* _Task instructions_
Each and every line of the data must appear exactly as given.

(Scraped caption text data)
- Opening Delimiter -

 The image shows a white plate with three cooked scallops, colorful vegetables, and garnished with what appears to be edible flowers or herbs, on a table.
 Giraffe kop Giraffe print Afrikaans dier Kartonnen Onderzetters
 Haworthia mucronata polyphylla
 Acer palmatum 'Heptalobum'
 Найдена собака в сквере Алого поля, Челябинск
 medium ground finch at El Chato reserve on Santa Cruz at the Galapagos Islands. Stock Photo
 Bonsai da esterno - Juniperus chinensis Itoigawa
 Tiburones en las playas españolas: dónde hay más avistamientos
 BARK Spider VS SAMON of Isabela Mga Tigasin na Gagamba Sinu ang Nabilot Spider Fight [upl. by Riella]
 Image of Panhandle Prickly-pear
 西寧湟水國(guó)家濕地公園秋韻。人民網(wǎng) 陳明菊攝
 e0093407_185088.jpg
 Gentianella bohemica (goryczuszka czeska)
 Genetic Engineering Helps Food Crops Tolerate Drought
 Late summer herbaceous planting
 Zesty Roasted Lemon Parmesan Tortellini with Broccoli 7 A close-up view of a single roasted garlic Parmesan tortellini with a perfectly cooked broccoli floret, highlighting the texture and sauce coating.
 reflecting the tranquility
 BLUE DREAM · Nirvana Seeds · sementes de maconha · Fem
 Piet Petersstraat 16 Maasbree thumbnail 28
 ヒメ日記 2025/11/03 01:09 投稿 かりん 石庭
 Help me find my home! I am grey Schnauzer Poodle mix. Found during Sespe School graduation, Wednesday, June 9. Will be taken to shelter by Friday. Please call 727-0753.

- Closing Delimiter -

* _Your response_
 The image shows a white plate with three cooked scallops, colorful vegetables, and garnished with what appears to be edible flowers or herbs, on a table.
 Giraffe kop Giraffe print Afrikaans dier Kartonnen Onderzetters
 Haworthia mucronata polyphylla
 Acer palmatum 'Heptalobum'
 Найдена собака в сквере Алого поля, Челябинск
 medium ground finch at El Chato reserve on Santa Cruz at the Galapagos Islands. Stock Photo
 Bonsai da esterno - Juniperus chinensis Itoigawa
 Tiburones en las playas españolas: dónde hay más avistamientos
 BARK Spider VS SAMON of Isabela Mga Tigasin na Gagamba Sinu ang Nabilot Spider Fight [upl. by Riella]
 Image of Panhandle Prickly-pear
 西寧湟水國(guó)家濕地公園秋韻。人民網(wǎng) 陳明菊攝
 e0093407_185088.jpg
 Gentianella bohemica (goryczuszka czeska)
 Genetic Engineering Helps Food Crops Tolerate Drought
 Late summer herbaceous planting
 Zesty Roasted Lemon Parmesan Tortellini with Broccoli 7 A close-up view of a single roasted garlic Parmesan tortellini with a perfectly cooked broccoli floret, highlighting the texture and sauce coating.
 reflecting the tranquility
 BLUE DREAM · Nirvana Seeds · sementes de maconha · Fem
 Piet Petersstraat 16 Maasbree thumbnail 28
 ヒメ日記 2025/11/03 01:09 投稿 かりん 石庭
 Help me find my home! I am grey Schnauzer Poodle mix. Found during Sespe School graduation, Wednesday, June 9. Will be taken to shelter by Friday. Please call 727-0753.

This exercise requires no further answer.